Eis, portanto, mais páginas contendo importantes, incisivas e oportunas abordagens e reflexões que acenam, em meio à maior crise de liderança de nossa história – que é de ética, de moral, de princípios, de valores –, para a imperiosa e urgente necessidade de profundas mudanças em nossas estruturas educacionais, governamentais, jurídicas, políticas, sociais, culturais, econômicas, financeiras e ambientais, de modo a promovermos a inserção do País no concerto das potências mundiais livres, civilizadas, soberanas, democráticas e sustentavelmente desenvolvidas...
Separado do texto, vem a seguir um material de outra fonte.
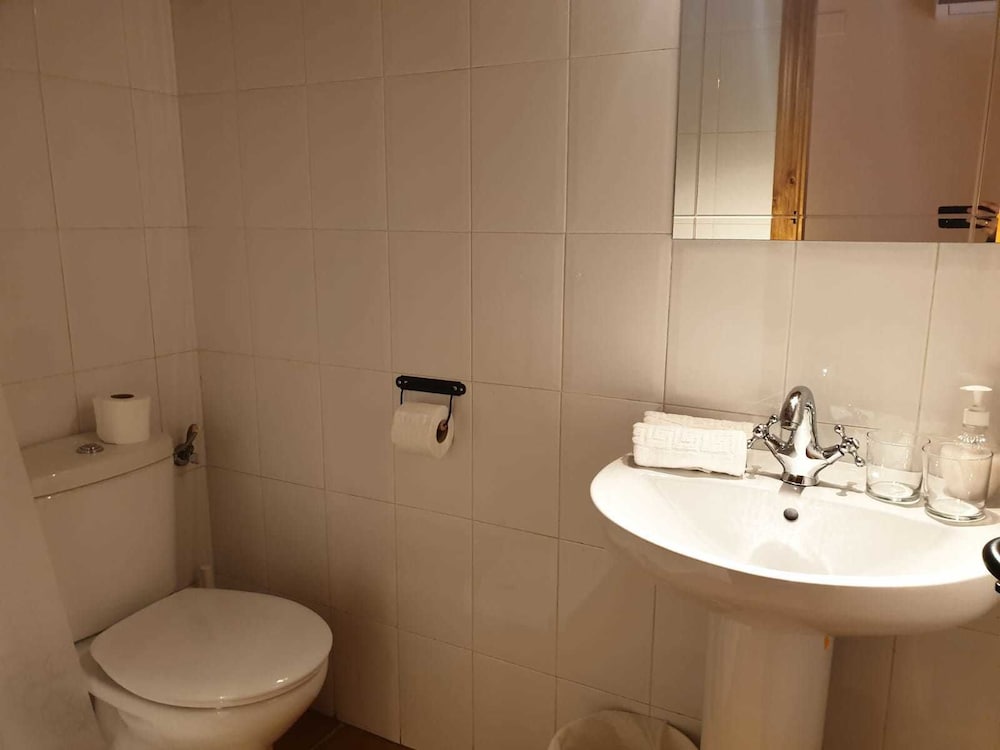 Double Room - Photo 4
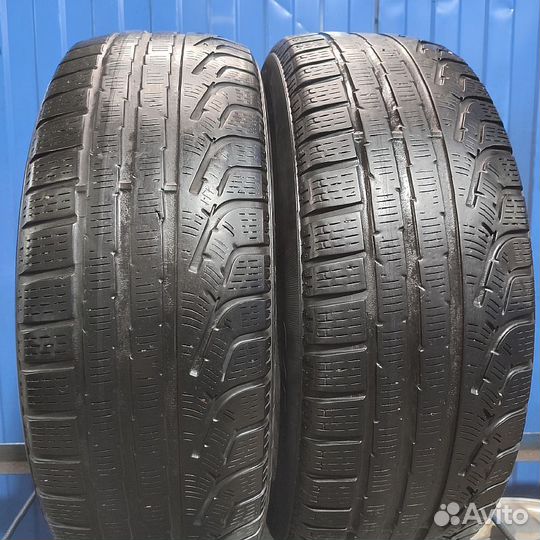 Pirelli Winter Sottozero 210 Serie II 215/60 R17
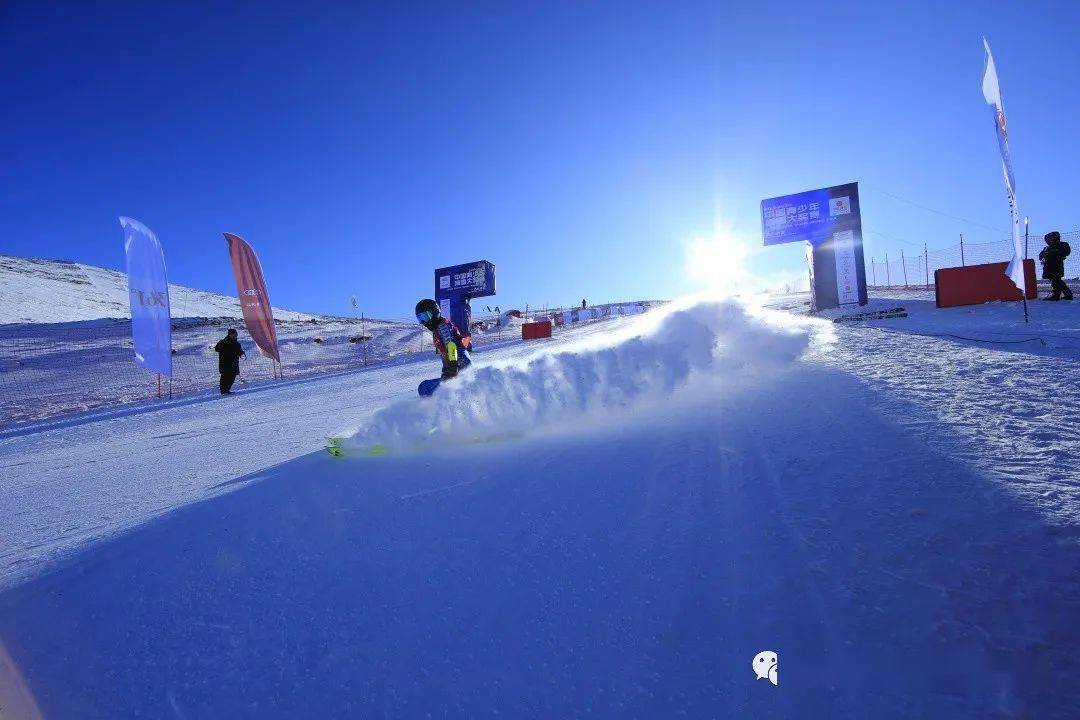 可可托海国际滑雪场  率先开启领滑模式  可可托海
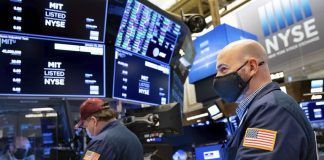 Artículo / Golpe a Wall Street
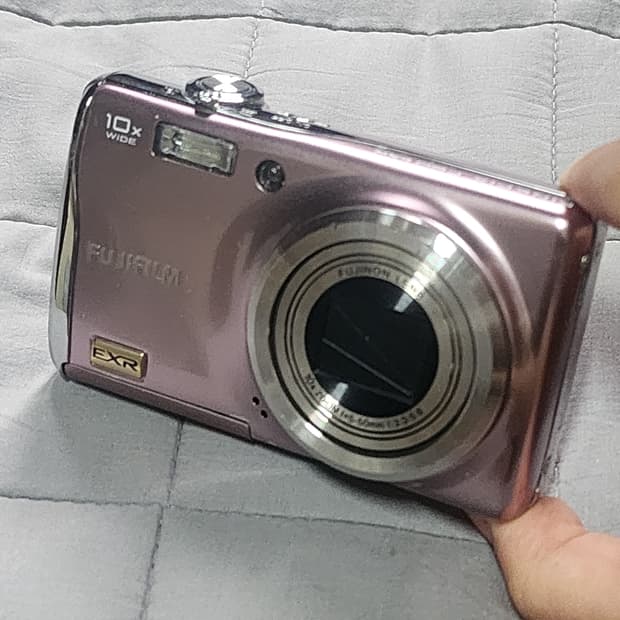 후지필름 FinePix F80EXR 판매 / 빈티지 디카 / 정상작동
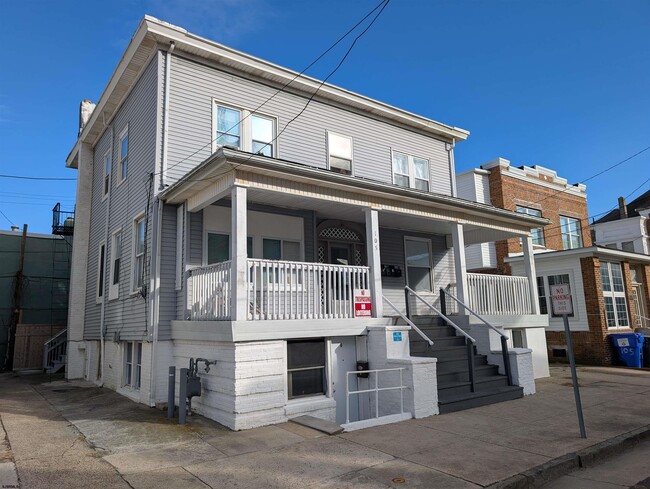 105 S Albion Pl in Atlantic City, NJ - Building Photo - Building Photo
Assim, urge ainda a efetiva problematização de questões deveras cruciais como:

     a)     a educação – universal e de qualidade, desde a educação infantil (0 a 3 anos de idade, em creches; 4 e 5 anos de idade, em pré-escolas) – e mais o imperativo da modernidade de matricularmos nossas crianças de 6 anos de idade na primeira série do ensino fundamental, independentemente do mês de seu nascimento –, até a pós-graduação (especialização, mestrado, doutorado e pós-doutorado), como prioridade absoluta de nossas políticas públicas;

     b)    o combate, implacável e sem trégua, aos três dos nossos maiores e mais avassaladores inimigos que são: I – a inflação, a exigir permanente, competente e diuturna vigilância, de forma a manter-se em patamares civilizados, ou seja, próximos de zero; II – a corrupção, como um câncer a se espalhar por todas as esferas da vida nacional, gerando incalculáveis prejuízos e comprometimentos de vária ordem; III – o desperdício, em todas as suas modalidades, também a ocasionar inestimáveis perdas e danos, inexoravelmente irreparáveis;

     c)     a dívida pública brasileira, com projeção para 2014, segundo o Orçamento Geral da União, de exorbitante e intolerável desembolso de cerca de R$ 1 trilhão, a título de juros, encargos, amortização e refinanciamentos (apenas com esta rubrica, previsão de R$ 639 bilhões), a exigir igualmente uma imediata, abrangente, qualificada e eficaz auditoria...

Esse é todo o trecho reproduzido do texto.